What is needed is an exact copy of the lines from the one containing "Azul e Rosa" through the last line of the records below, with no pictures.

Caption-style text data
++++++++++

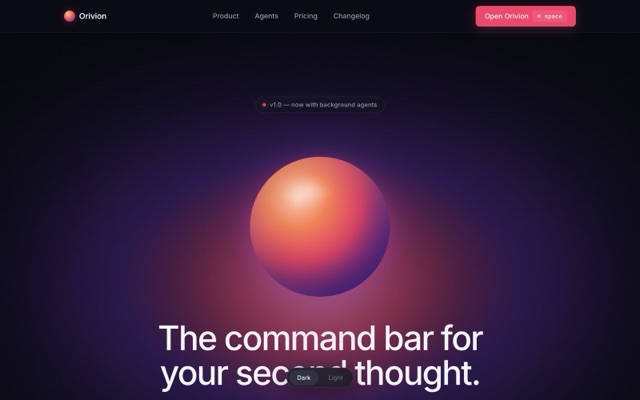 orivion landing page preview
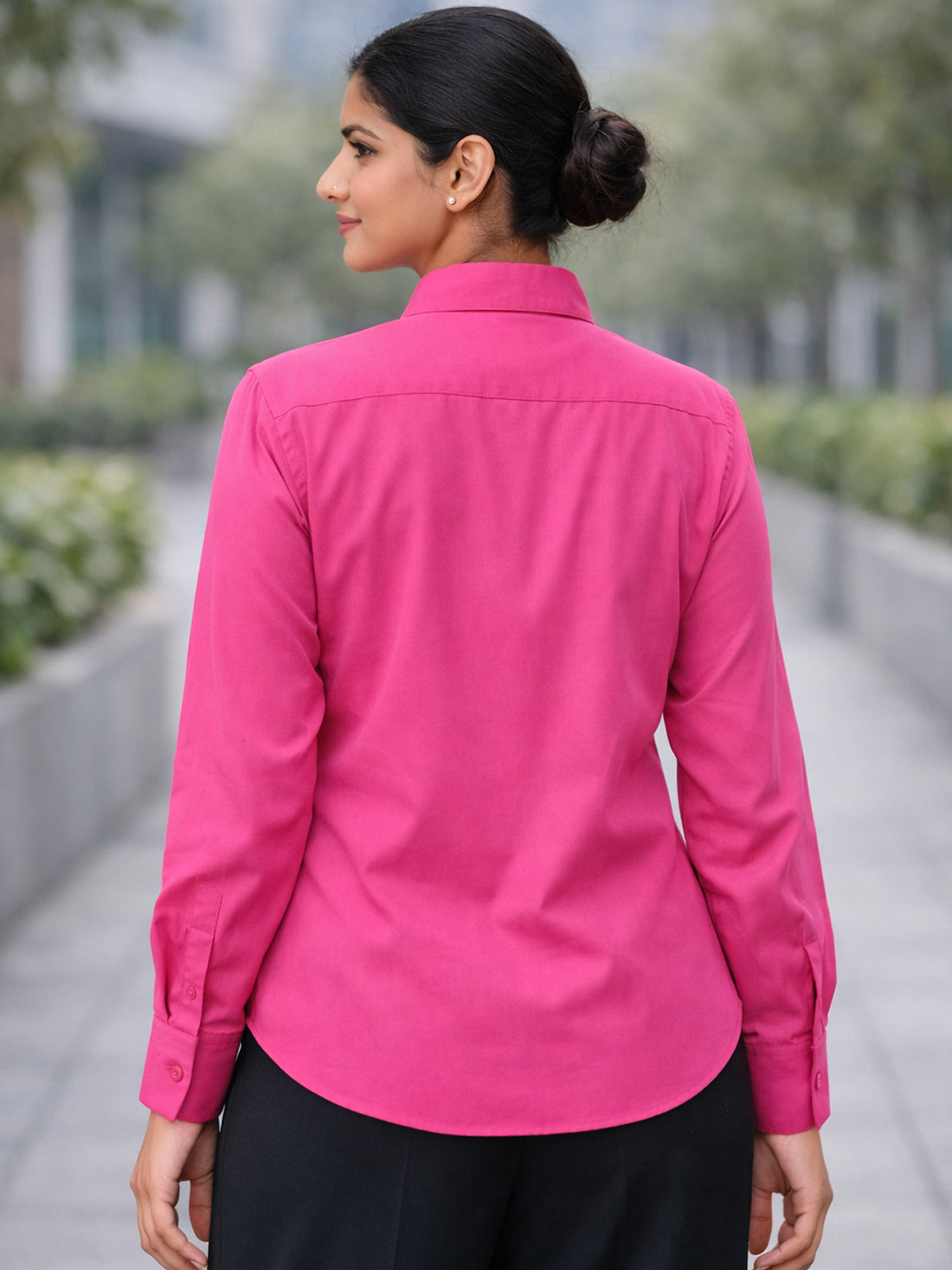 Women Solid Pink Viscose Shirt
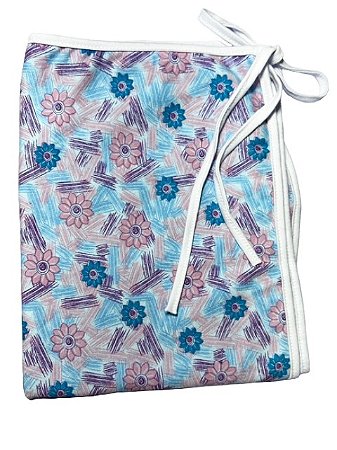 Toalha  Para  Fitagem 100% Algodão Floral Azul e Rosa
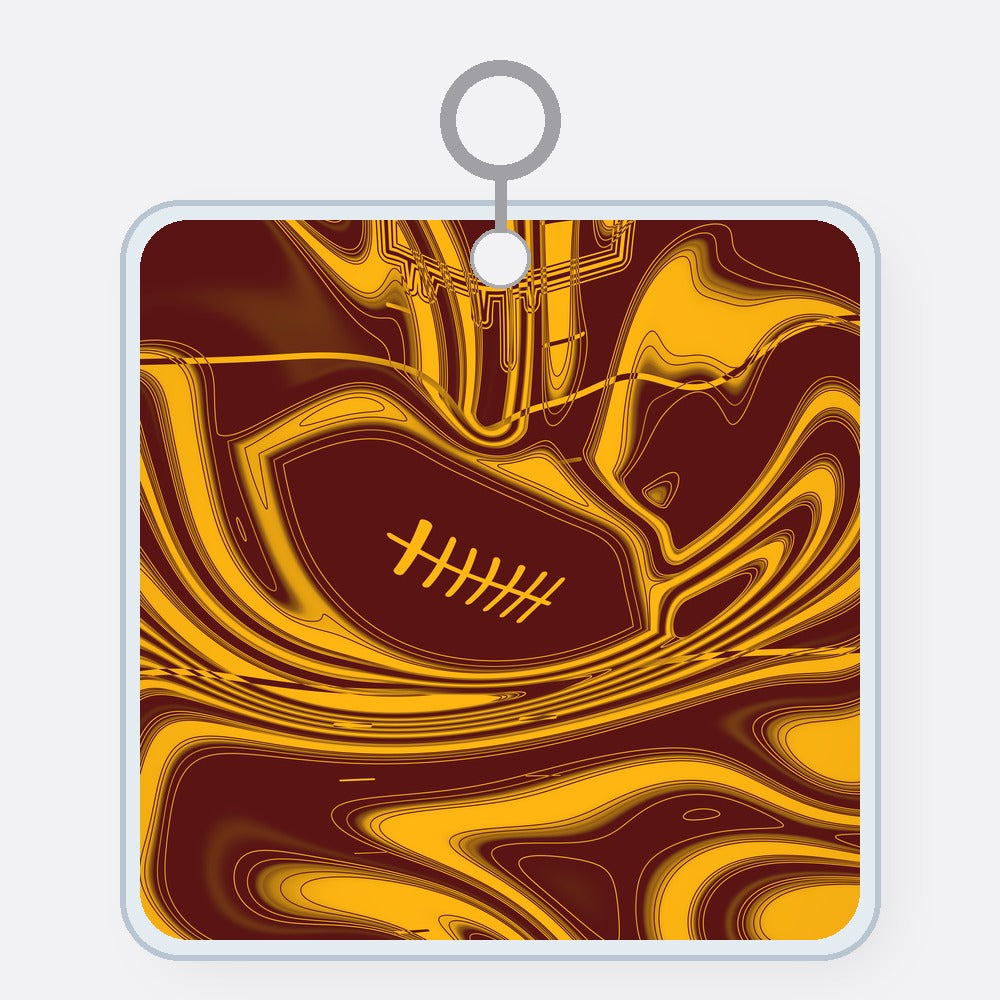 Burgundy & Gold Trippy Football Acrylic Keychain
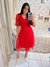 Vestido godê mide em tule vermelho Myla moda evangélica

++++++++++

**Response to this task**.
 Toalha  Para  Fitagem 100% Algodão Floral Azul e Rosa
 Burgundy & Gold Trippy Football Acrylic Keychain
 Vestido godê mide em tule vermelho Myla moda evangélica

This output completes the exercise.